Second, store your PKCS key somewhere on your server that is secure and accessible to your application's Ruby process. Make note of that path.

In your application code:

google_api = SheetMapper::ApiClient.new
google_api.service_login(YOUR_CLIENT_ID, YOUR_SERVICE_ADDRESS, PATH_TO_YOUR_PKCS_KEY)

Installed/Native Application

First, make note of the Client ID and Client secret that Google's OAuth Credentials generates for you. You can find these values under the "APIs & auth -> Credentials" menu of the Google Developers Console which can be reached at https://console.developers.google.com/project/[YOUR-APPLICATION-NAME]/apiui/credential

In your application code:

google_api = SheetMapper::ApiClient.new
google_api.native_login(YOUR_OAUTH_ID, YOUR_CLIENT_SECRET)

Calling SheetMapper::ApiClient#native_login will prompt you via STDIN to open a specific URL and to enter the Auth Code that Google generates for you.

This will authenticate your application for the life of the current session.

Re-using an Installed/Native Application OAuth Session

Once successfully authentication. you can re-use an OAuth session by persisting your session's Refresh Token somewhere like the file system or in your database:

open(PATH_TO_REFRESH_TOKEN, 'w', 0600) do |f|
  f.puts(google_api.refresh_token)
end

Then, when requesting access to your Google Drive account in a new session:

cached_refresh_token = File.open(PATH_TO_REFRESH_TOKEN, &:gets).chomp if File.exists?(PATH_TO_REFRESH_TOKEN)
google_api = SheetMapper::ApiClient.new
google_api.native_login(YOUR_OAUTH_ID, YOUR_CLIENT_SECRET, YOUR_REFRESH_TOKEN, cached_refresh_token)
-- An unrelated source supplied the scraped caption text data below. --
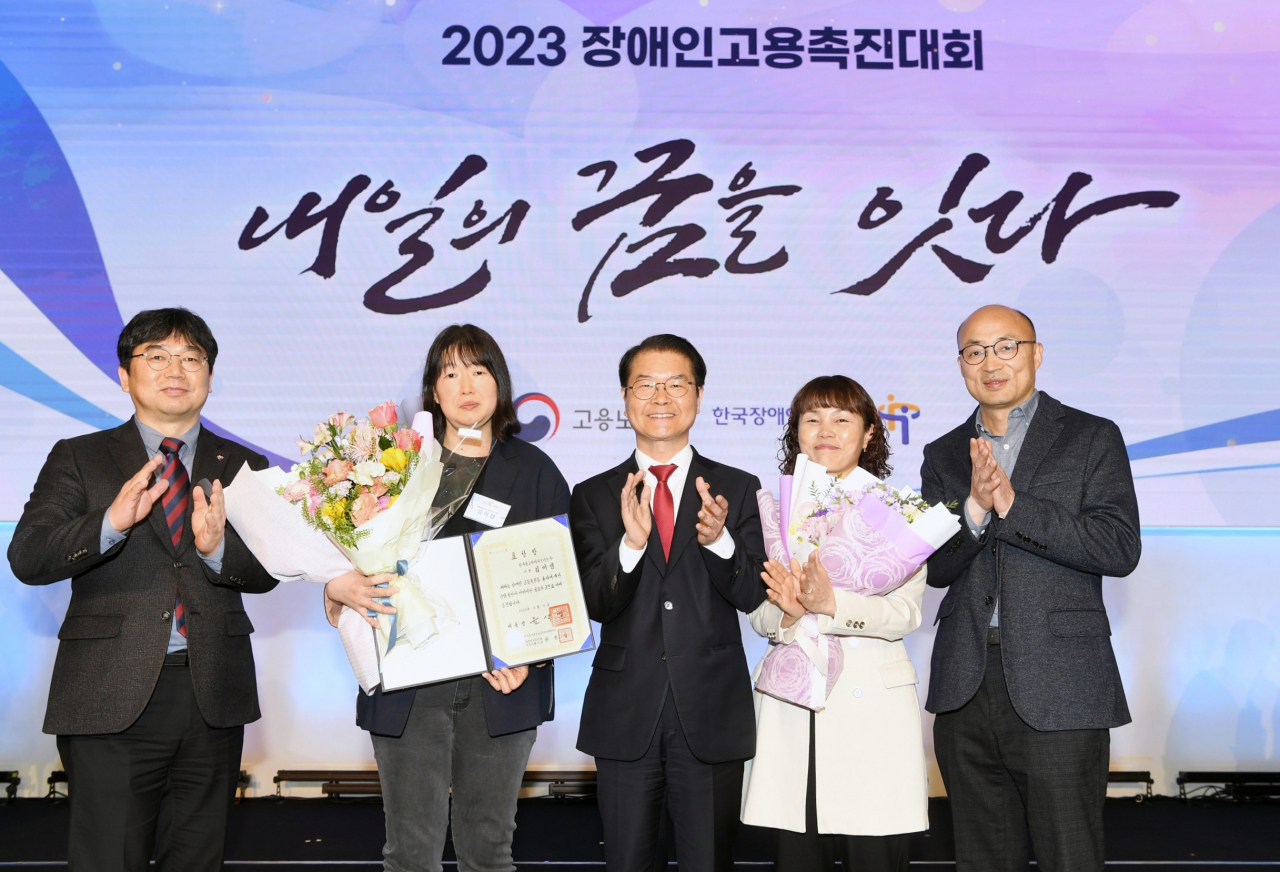 김미영(왼쪽 두번째) 한국동그라미파트너스 사원, 이정식(가운데) 고용노동부 장관 등이 13일 서울올림픽파크텔에서 열린 ‘2023년도 장애인 고용촉진 유공자 정부포상’ 시상식에서 기념촬영을 하고 있다. [한국타이어앤테크놀로지 제공]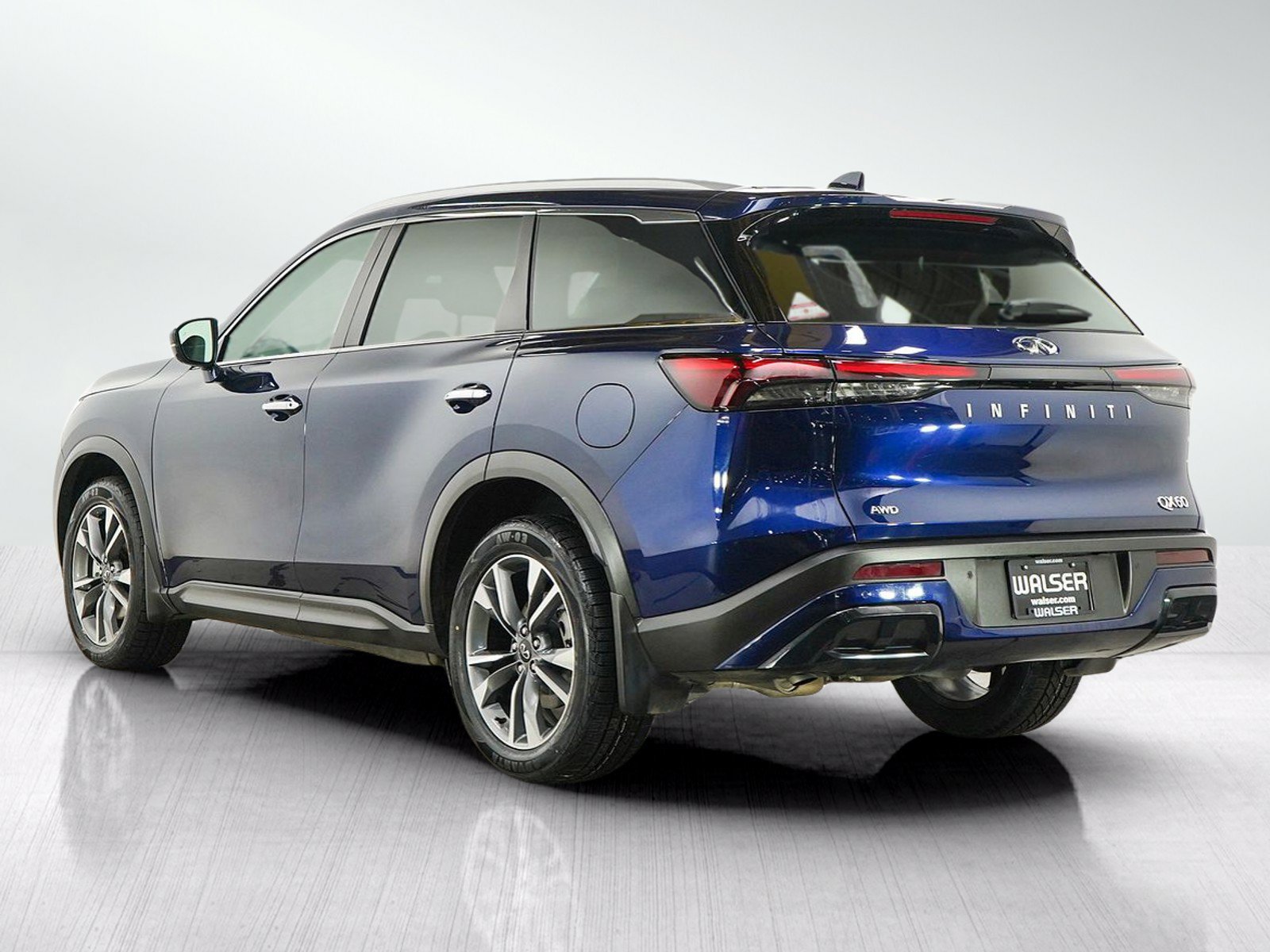 Used 2025 INFINITI QX60 Luxe AWD/4WD image 3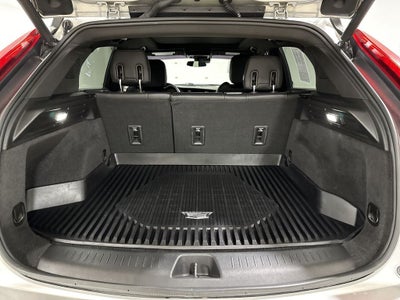 2021 Cadillac XT4 Luxury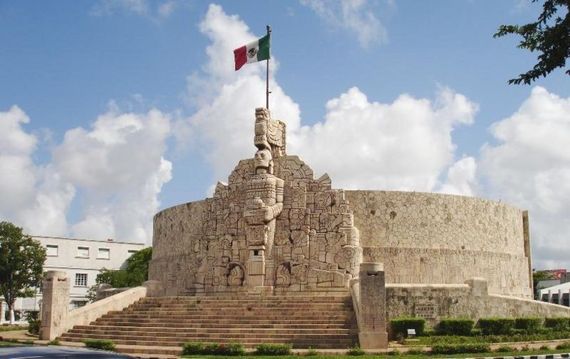 2014-03-16-800pxMonumento_Merida_Yucatan.JPG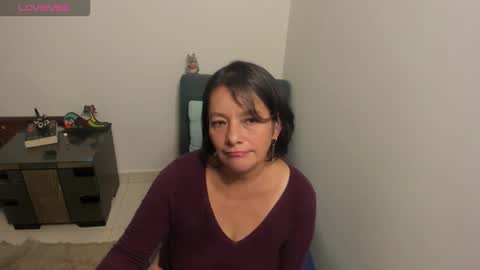 nuit_rose online show from November 22, 3:27 am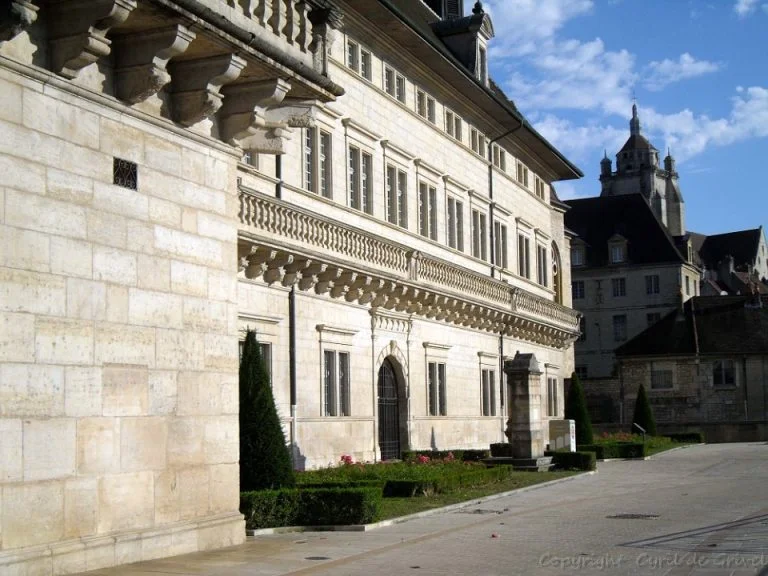 L’ancien hôtel-Dieu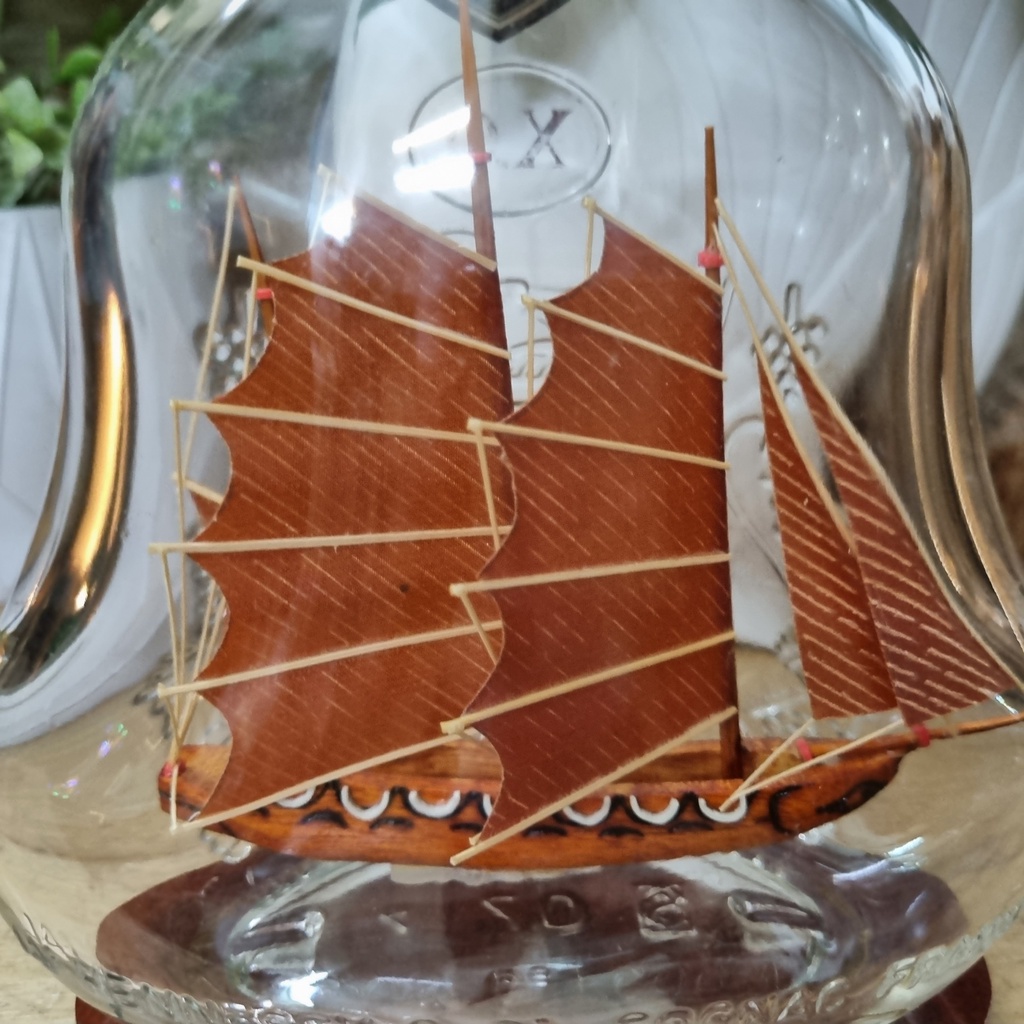 Mô Hình Thuyền Gỗ Trong Chai Thủy Tinh Hennessy XO - Cao 24cm - Chai Original - Thủ công mỹ nghệ Việt Nam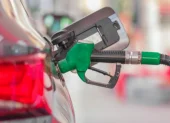 Las gasolinas en Ecuador subieron en abril casi un 5%.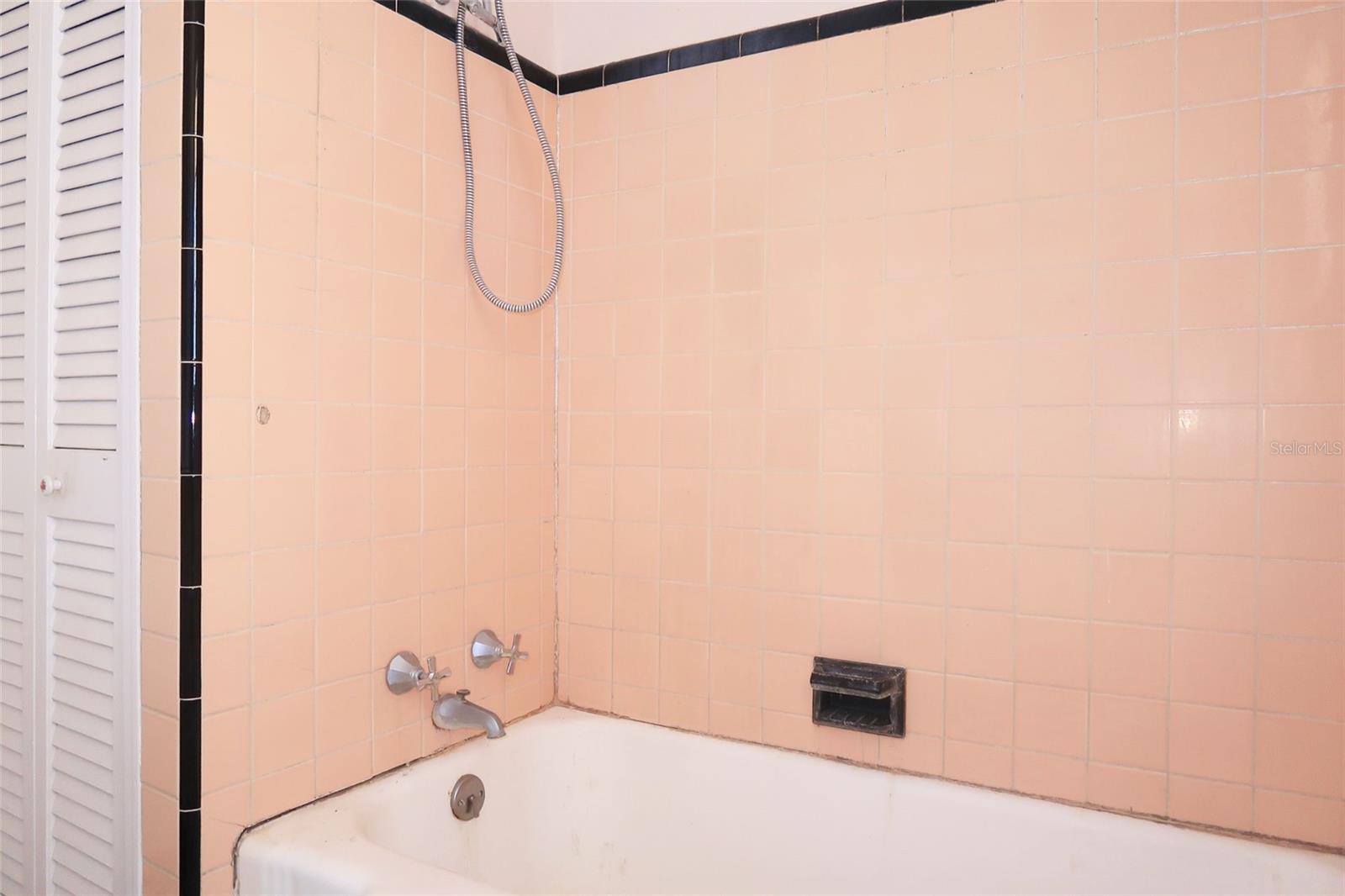 KEYSTONE MANOR - Residential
Google indicates that the refresh token is good for 1-hour. If the token is fresh, then no prompt will be issued to open a URL or enter in any additional information.

If the token is stale, you will be prompted to re-authenticate your application by opening the URL and entering in a new authentication code.

Web Application

Unfortunately, this method of OAuth authentication is not yet supported.

Accessing Your Sheets

Once you have a successfully authentication Google Drive session, you can access your sheets by passing your session into SheetMapper:

sheet = SheetMapper::Spreadsheet.new(
  mapper: SomeMapper,
  key: SpreadsheetKey,
  session: google_api.session
)
sheet.find_collection_by_title('worksheet title')

Contributors

SheetMapper was created by Nathan Esquenazi at Miso in 2012. The following users contributed to the project:

Tasks

SheetMapper is a new gem and I would love any feedback and/or pull requests. In particular:

  • Inserting a data row into a collection
  • Removing a data row from a collection
  • Callbacks
  • Validations
  • Column Type Casting

Please fork if you are inspired to add any of these or any other improvements.

Continuous Integration

Continuous Integration status

CI is hosted by travis-ci.org.

License

Check LICENSE but of course feel free to use this in any projects.